Abstract PDF Upgrade to Chat

Summary

Chaos Meets Attention: Transformers for Large-Scale Dynamical Prediction

In the realm of predicting high-dimensional chaotic systems, the paper "Chaos Meets Attention: Transformers for Large-Scale Dynamical Prediction" introduces a novel transformer-based model designed to make long-term predictions while preserving the statistical properties of chaotic systems. Chaotic systems are notoriously difficult to predict due to their sensitive dependence on initial conditions, leading to error propagation. This paper tackles the challenge by leveraging the ergodicity of chaotic systems, wherein long-term predictions are stabilized by aligning the distributions of predicted and actual trajectories.

Model Architecture and Innovations

The proposed framework integrates several innovative design choices. Primarily, it employs a tailored transformer architecture with modifications to the attention mechanism that make it suitable for learning the dynamics of large-scale chaotic systems:

Attention Mechanism with Random Fourier Features (RFF): The paper replaces traditional positional encodings with random Fourier features to enhance the transformer's ability to model the spatial correlations inherent in chaotic systems. The RFF allows for embedding spatial information efficiently and effectively, aligning with the chaotic systems' ergodic property.
Axial Mean-Max-Min (A3M) Attention: The attention mechanism is further refined through the A3M attention block, designed to capture statistical moments and extreme values in physical fields, crucial for understanding and predicting chaotic systems.
Unitary Operator Learning: The model incorporates constraints to maintain the unitarity of operator dynamics, grounded in the Von Neumann ergodic theorem, to ensure long-term statistical consistency. This is operationalized through a novel loss function that preserves the ergodic properties in $\mathcal{L}^2$ space during long-term predictions.
Scalability: Addressing the challenge of dimension, the paper implements a computationally efficient factorized attention mechanism. This reduces complexity from a full-dimensional computation to computations scaled with each dimension, facilitating the handling of high-dimensional data.

Empirical Evaluation

The capability of the proposed framework is substantiated through rigorous empirical evaluations on two benchmark chaotic systems: Kolmogorov Flow and Turbulent Channel Flow.

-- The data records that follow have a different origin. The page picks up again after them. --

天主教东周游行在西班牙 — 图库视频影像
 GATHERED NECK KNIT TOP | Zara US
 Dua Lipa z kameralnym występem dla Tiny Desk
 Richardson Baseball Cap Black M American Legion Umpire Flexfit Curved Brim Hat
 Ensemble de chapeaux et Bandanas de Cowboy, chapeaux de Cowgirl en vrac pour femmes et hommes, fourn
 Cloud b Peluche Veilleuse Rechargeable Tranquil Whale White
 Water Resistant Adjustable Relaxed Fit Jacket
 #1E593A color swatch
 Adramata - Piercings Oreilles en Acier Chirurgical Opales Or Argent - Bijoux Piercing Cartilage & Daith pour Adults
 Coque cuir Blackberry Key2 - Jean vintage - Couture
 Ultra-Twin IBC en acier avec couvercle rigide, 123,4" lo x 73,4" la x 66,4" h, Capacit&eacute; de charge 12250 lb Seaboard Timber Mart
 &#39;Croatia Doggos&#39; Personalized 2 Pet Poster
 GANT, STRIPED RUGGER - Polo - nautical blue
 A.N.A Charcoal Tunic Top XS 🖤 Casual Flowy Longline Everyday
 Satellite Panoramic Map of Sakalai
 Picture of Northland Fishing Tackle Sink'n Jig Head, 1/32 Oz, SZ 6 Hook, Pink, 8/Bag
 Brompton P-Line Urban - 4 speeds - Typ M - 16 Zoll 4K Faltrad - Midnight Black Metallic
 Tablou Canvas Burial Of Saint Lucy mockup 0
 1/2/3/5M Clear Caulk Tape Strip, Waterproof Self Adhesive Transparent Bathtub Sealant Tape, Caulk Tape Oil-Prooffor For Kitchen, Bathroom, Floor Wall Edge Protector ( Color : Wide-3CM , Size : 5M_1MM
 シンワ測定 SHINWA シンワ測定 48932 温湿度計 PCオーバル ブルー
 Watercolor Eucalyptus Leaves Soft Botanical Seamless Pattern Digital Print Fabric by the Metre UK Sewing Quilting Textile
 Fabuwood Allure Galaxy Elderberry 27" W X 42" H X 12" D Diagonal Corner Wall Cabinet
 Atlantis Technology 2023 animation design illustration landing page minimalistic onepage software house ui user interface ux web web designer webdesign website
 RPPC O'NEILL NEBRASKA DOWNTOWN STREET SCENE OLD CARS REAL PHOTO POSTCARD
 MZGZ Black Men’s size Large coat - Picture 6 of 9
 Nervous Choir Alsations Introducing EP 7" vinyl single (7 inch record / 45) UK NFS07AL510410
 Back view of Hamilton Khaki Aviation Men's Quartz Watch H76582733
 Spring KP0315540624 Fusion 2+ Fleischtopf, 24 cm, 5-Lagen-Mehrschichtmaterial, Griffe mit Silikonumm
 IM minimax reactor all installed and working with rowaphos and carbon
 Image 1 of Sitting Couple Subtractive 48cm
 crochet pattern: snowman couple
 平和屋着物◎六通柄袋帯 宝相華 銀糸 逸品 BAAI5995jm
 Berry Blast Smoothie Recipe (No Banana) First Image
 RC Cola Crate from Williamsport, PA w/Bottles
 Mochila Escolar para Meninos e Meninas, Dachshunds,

For Kolmogorov Flow (KF256): The model demonstrates superior performance in both short-term prediction accuracy, as evidenced by relative $L^2$ errors, and long-term statistical properties, showing significant improvements over baselines like UNO, MNO, and MWT.
For Turbulent Channel Flow (TCF): The results indicate that the transformer not only excels in short-term predictions but also in preserving the energy spectrum and mixing rates—a key indicator of ergodicity. The model’s performance showed marked improvements in matching the energy spectrum and maintaining consistency in the mixing rates.

Implications and Future Directions

The introduction of a benchmark dataset (140k high-resolution snapshots of turbulent channel flow) highlights the practical relevance of the model for machine learning research in chaotic systems. The dataset can accelerate research in large-scale chaotic prediction, offering a common ground for evaluating future models.

From a theoretical standpoint, the paper navigates the relationship between operator theory and chaos, providing insights into the use of transformers in non-linear dynamical systems. This bridges the gap between statistical mechanics and machine learning, suggesting that future advancements could involve extending these techniques to non-ergodic or more complex systems without the requirement of spatial uniformity.

An intriguing direction for future exploration includes incorporating mesh-free methods within this framework, potentially allowing for applications beyond uniform grid-based systems, which are common in real-world chaotic phenomena.

Overall, the research presents a meticulous analysis of chaotic dynamics through the lens of transformer architectures, offering a promising avenue for robust and scalable predictions in fields where chaotic systems play a pivotal role, such as meteorology and fluid dynamics.